__What to work on__:
Leaving out every picture, quote the data below exactly as it appears.
---*---
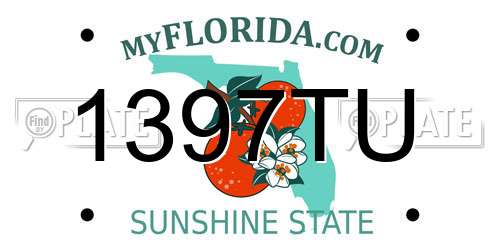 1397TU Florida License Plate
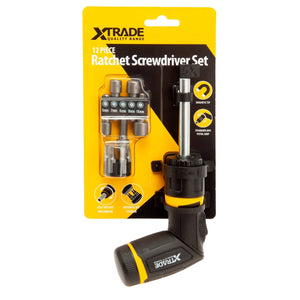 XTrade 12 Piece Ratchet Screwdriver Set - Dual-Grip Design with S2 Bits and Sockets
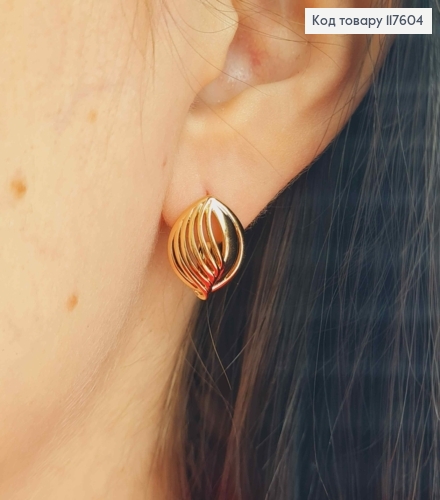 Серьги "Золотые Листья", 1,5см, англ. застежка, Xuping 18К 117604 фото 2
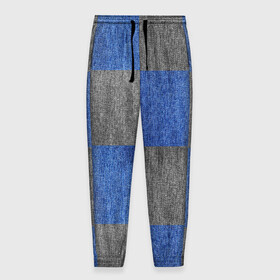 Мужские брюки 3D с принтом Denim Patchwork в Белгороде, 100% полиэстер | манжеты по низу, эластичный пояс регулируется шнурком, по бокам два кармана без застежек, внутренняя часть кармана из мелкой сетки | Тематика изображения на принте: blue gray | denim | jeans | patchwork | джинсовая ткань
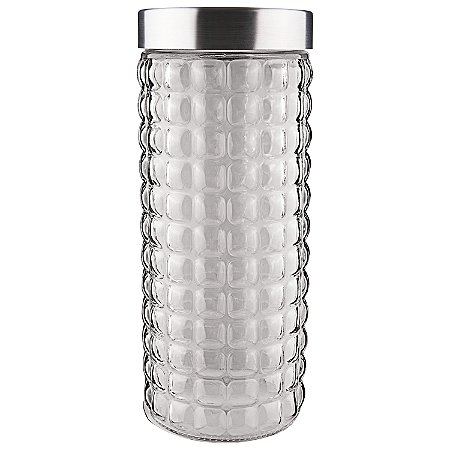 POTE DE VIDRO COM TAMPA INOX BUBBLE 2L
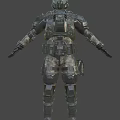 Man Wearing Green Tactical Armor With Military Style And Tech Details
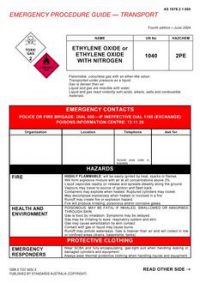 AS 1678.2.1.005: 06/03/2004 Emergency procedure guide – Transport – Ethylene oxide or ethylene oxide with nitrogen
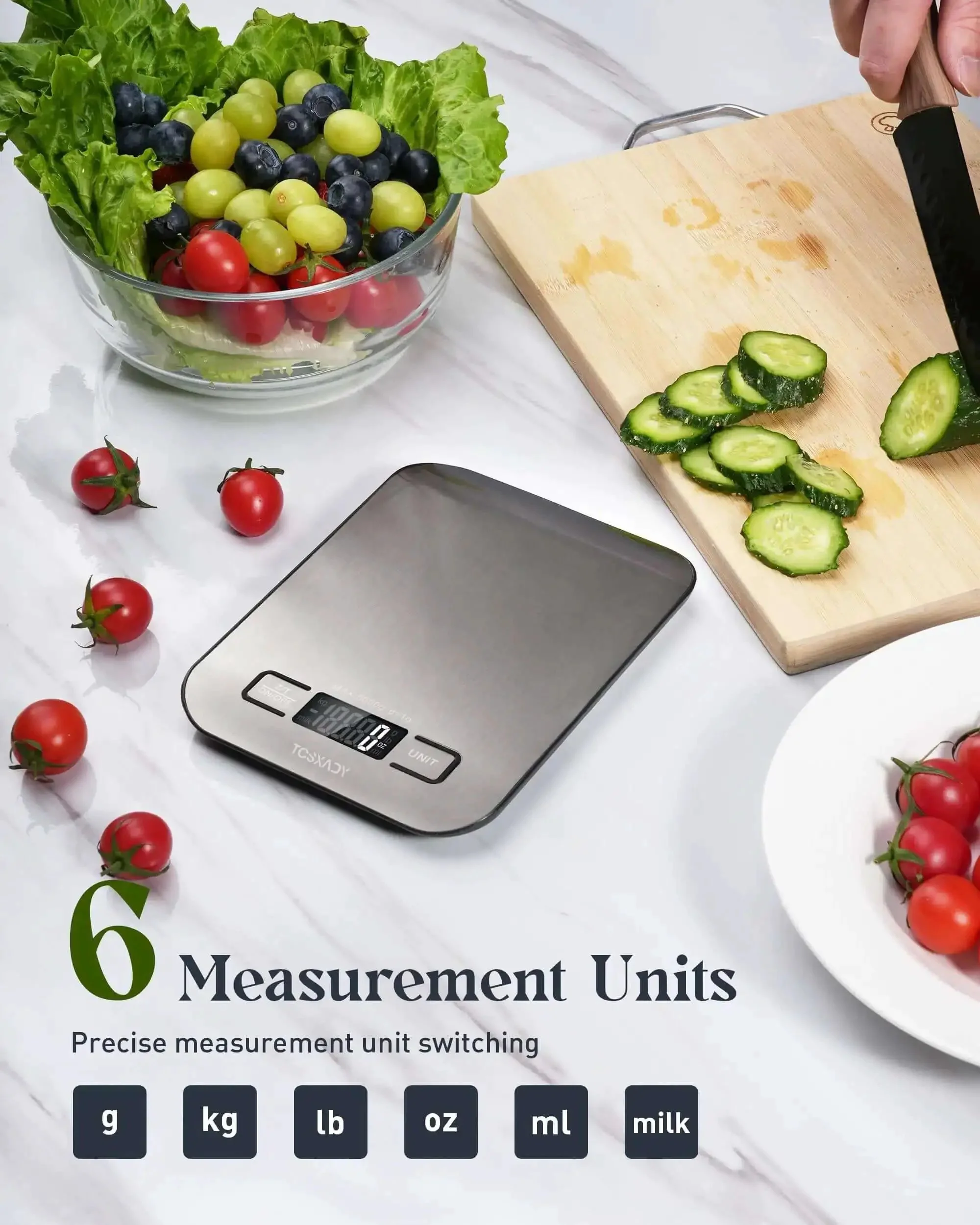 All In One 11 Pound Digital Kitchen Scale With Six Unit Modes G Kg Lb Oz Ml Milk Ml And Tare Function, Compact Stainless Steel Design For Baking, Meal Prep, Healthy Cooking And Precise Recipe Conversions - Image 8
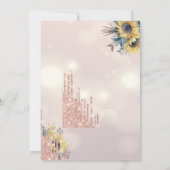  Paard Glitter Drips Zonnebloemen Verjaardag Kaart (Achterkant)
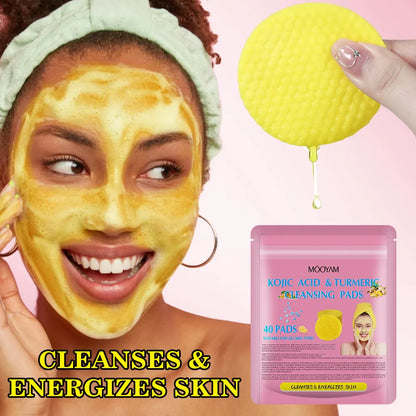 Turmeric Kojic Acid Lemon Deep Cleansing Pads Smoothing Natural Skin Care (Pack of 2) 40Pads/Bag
---*---
__Solution to this problem__:
 1397TU Florida License Plate
 XTrade 12 Piece Ratchet Screwdriver Set - Dual-Grip Design with S2 Bits and Sockets
 Серьги "Золотые Листья", 1,5см, англ. застежка, Xuping 18К 117604 фото 2
 Мужские брюки 3D с принтом Denim Patchwork в Белгороде, 100% полиэстер | манжеты по низу, эластичный пояс регулируется шнурком, по бокам два кармана без застежек, внутренняя часть кармана из мелкой сетки | Тематика изображения на принте: blue gray | denim | jeans | patchwork | джинсовая ткань
 POTE DE VIDRO COM TAMPA INOX BUBBLE 2L
 Man Wearing Green Tactical Armor With Military Style And Tech Details
 AS 1678.2.1.005: 06/03/2004 Emergency procedure guide – Transport – Ethylene oxide or ethylene oxide with nitrogen
 All In One 11 Pound Digital Kitchen Scale With Six Unit Modes G Kg Lb Oz Ml Milk Ml And Tare Function, Compact Stainless Steel Design For Baking, Meal Prep, Healthy Cooking And Precise Recipe Conversions - Image 8
  Paard Glitter Drips Zonnebloemen Verjaardag Kaart (Achterkant)
 Turmeric Kojic Acid Lemon Deep Cleansing Pads Smoothing Natural Skin Care (Pack of 2) 40Pads/Bag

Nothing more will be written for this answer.